People connected to public services

Thanks to smartphones and app technology, locals can have direct contact with more city services than ever. Smart cities use this interactivity to provide alerts and updates about everything from traffic patterns to weather conditions. App-based input also gives residents a more direct voice in local government decision-making.

A man relaxes outside in a smart city.

Where to find the smartest smart cities

Although they dot the globe, most smart cities are emerging in Europe, Asia, and the United States. Let’s look at a few that are making an impact.


This southeast Asian city-state typically tops every list as the world’s most advanced smart city. Contactless payment systems on their heavily used public transit and virtual doctor’s visits are so routine, they have become the norm. With major buy-in from the business and government sectors, Singapore’s next goal is to create an eco-friendly, zero-vehicle, city-within-the-city.

New York

The Big Apple has powered up new, WiFi-enabled “smart hubs” and public online charging stations have replaced former phone booths.
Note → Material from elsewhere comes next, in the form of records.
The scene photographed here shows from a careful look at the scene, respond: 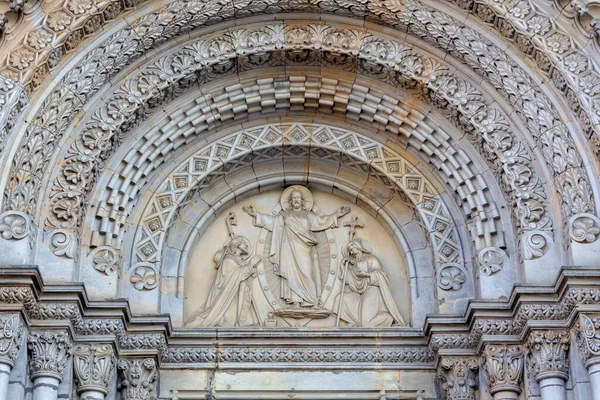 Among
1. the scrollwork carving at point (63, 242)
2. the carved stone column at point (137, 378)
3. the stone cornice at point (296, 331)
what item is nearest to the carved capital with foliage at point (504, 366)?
the stone cornice at point (296, 331)

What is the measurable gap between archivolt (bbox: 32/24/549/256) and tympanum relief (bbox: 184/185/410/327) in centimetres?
150

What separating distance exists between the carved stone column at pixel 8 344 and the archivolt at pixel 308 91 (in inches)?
93.1

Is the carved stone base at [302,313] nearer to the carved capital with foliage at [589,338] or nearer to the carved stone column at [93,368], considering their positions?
the carved stone column at [93,368]

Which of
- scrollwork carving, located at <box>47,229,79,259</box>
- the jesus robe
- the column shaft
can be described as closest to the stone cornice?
scrollwork carving, located at <box>47,229,79,259</box>

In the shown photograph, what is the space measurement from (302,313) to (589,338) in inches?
169

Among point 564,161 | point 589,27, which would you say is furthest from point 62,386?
point 589,27

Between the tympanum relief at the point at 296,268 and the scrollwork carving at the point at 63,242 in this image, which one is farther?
the tympanum relief at the point at 296,268

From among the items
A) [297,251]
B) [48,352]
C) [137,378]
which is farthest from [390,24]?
[48,352]

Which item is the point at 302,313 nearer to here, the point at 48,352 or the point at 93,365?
the point at 93,365

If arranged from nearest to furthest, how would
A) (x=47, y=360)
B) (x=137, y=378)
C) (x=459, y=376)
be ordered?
(x=47, y=360), (x=137, y=378), (x=459, y=376)

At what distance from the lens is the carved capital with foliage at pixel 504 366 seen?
52.1 feet

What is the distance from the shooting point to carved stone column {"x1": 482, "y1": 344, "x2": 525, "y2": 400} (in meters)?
15.9

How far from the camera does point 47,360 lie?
611 inches

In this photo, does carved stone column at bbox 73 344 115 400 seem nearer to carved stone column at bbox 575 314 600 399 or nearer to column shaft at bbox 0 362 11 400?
column shaft at bbox 0 362 11 400
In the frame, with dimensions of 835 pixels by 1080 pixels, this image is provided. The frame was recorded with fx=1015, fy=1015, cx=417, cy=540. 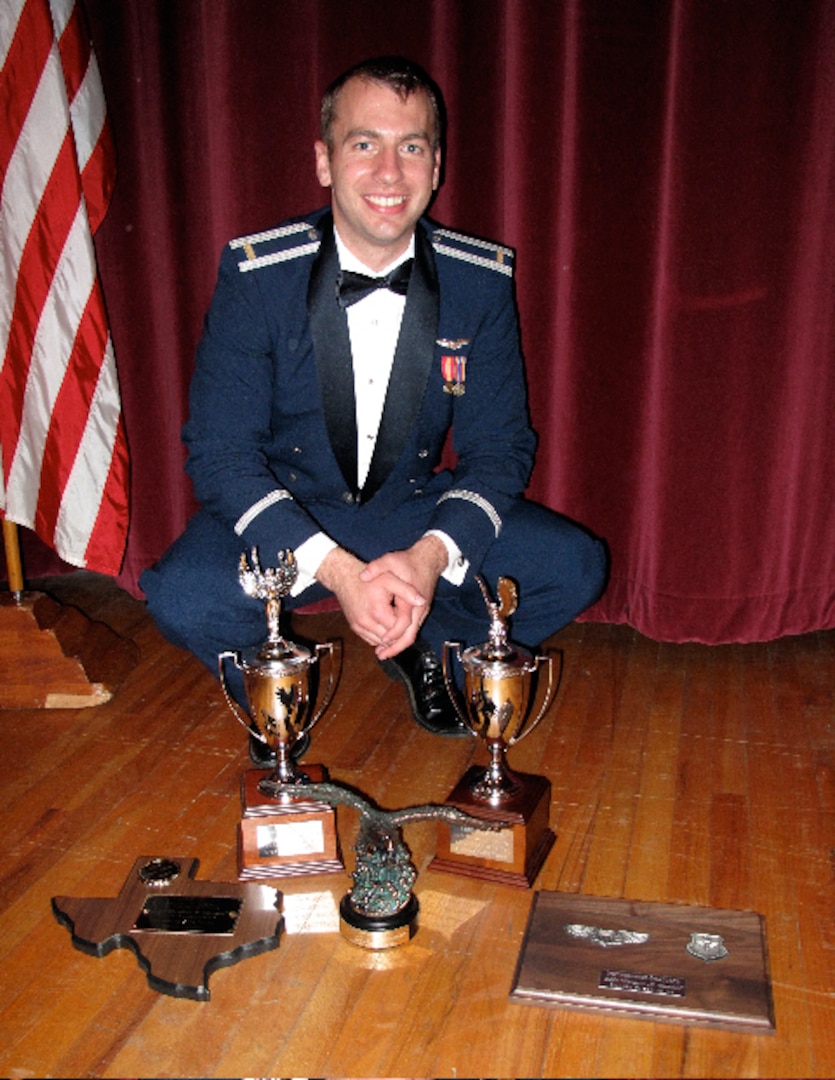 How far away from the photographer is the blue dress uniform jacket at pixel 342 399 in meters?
1.84

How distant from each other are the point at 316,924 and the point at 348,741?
58 cm

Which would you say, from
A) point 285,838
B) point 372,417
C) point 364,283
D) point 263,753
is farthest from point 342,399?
point 285,838

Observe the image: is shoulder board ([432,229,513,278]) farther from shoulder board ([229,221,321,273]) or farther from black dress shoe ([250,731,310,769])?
black dress shoe ([250,731,310,769])

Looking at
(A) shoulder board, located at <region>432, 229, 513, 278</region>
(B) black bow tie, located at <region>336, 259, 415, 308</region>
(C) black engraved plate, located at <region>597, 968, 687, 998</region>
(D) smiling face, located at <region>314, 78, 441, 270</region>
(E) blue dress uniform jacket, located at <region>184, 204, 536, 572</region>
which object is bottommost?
(C) black engraved plate, located at <region>597, 968, 687, 998</region>

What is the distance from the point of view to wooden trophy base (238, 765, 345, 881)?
151 centimetres

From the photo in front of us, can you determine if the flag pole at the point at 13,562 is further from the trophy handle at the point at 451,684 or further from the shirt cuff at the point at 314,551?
the trophy handle at the point at 451,684

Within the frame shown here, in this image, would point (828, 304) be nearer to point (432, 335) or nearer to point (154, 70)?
point (432, 335)

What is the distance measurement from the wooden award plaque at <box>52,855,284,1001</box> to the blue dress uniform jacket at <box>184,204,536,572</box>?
0.57 meters

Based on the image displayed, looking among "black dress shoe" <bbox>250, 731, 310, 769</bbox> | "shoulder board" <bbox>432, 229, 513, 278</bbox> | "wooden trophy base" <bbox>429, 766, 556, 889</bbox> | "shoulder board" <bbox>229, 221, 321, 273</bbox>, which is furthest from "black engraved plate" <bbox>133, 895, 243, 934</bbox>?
"shoulder board" <bbox>432, 229, 513, 278</bbox>

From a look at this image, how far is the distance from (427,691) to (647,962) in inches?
32.6

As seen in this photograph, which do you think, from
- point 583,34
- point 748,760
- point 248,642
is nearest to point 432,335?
point 248,642

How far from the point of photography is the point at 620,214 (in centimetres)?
228

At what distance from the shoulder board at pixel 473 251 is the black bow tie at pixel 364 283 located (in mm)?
119

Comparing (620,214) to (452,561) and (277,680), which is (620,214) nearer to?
(452,561) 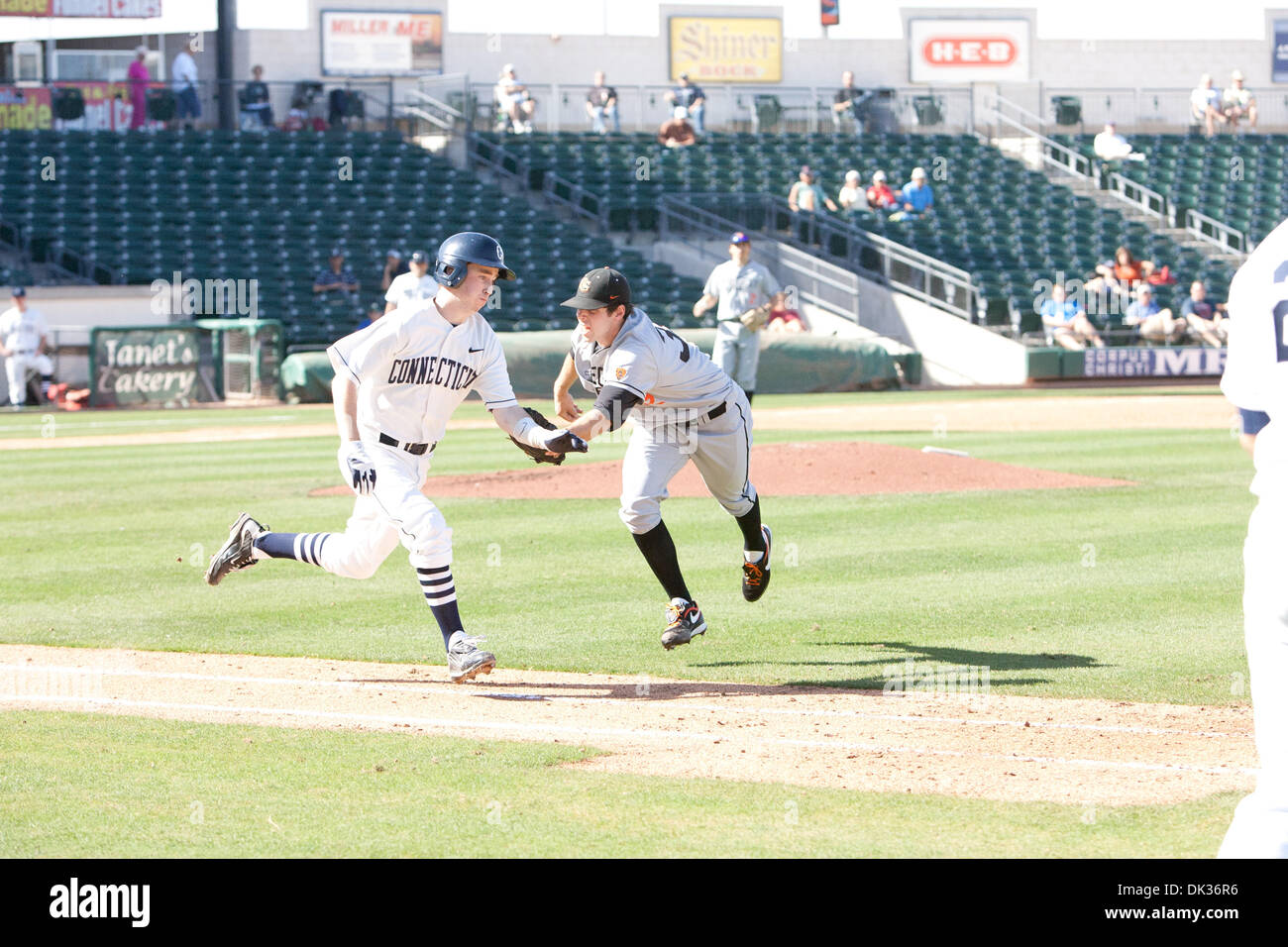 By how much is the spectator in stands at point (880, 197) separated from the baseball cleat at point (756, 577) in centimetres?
2826

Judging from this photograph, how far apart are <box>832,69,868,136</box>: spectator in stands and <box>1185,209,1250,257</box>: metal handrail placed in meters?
8.28

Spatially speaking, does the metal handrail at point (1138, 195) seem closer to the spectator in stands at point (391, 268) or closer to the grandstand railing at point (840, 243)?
the grandstand railing at point (840, 243)

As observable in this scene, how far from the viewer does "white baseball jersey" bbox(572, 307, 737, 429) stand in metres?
7.70

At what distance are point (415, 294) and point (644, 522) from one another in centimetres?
1077

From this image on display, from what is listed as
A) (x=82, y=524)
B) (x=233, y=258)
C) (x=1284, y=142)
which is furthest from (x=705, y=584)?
(x=1284, y=142)

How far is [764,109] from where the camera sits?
40969mm

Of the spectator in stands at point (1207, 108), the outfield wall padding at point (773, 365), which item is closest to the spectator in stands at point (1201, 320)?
the outfield wall padding at point (773, 365)

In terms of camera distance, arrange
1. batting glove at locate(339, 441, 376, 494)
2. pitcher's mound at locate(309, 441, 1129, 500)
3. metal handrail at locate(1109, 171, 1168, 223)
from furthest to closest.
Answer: metal handrail at locate(1109, 171, 1168, 223) → pitcher's mound at locate(309, 441, 1129, 500) → batting glove at locate(339, 441, 376, 494)

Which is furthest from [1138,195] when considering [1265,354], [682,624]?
[1265,354]

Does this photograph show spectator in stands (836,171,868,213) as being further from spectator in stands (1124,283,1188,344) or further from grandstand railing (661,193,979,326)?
spectator in stands (1124,283,1188,344)

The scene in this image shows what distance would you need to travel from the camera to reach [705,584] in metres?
10.1

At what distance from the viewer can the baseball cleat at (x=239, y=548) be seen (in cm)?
809

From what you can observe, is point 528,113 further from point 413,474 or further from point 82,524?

Plus, the city’s car-sharing program and a DOT-run congestion management system have reduced travel times by about ten percent.


Norway’s innovative capital is so serious about reducing emissions, they’ve committed to having only electric vehicles on the road by 2025. Numerous incentives entice drivers to switch, including free parking, lower taxes, and reduced toll prices. Other Oslo initiatives include “recycle and reuse” waste management and the development of green energy resources.


Though it doesn’t exist yet, tech billionaire Marc Lore plans to build this smart city from scratch in the southwestern U.S. desert. Green energy, environmentally friendly architecture, and a drought-resistant water system are all part of the blueprint. Lore envisions a climate-change-proof oasis about the geographic size of Chicago that would eventually be home to five million people.

Final thoughts

The world is transforming, and smart cities are part of that transformation. With governments, businesses, and everyday people quickly embracing IoT and AI technologies, embedding smart systems into the fabric of a city is no longer science fiction. It’s the natural path to building efficient, equitable, healthier places to live, work, and thrive. When we think of “cities of tomorrow,” aren’t those all qualities we want them to have?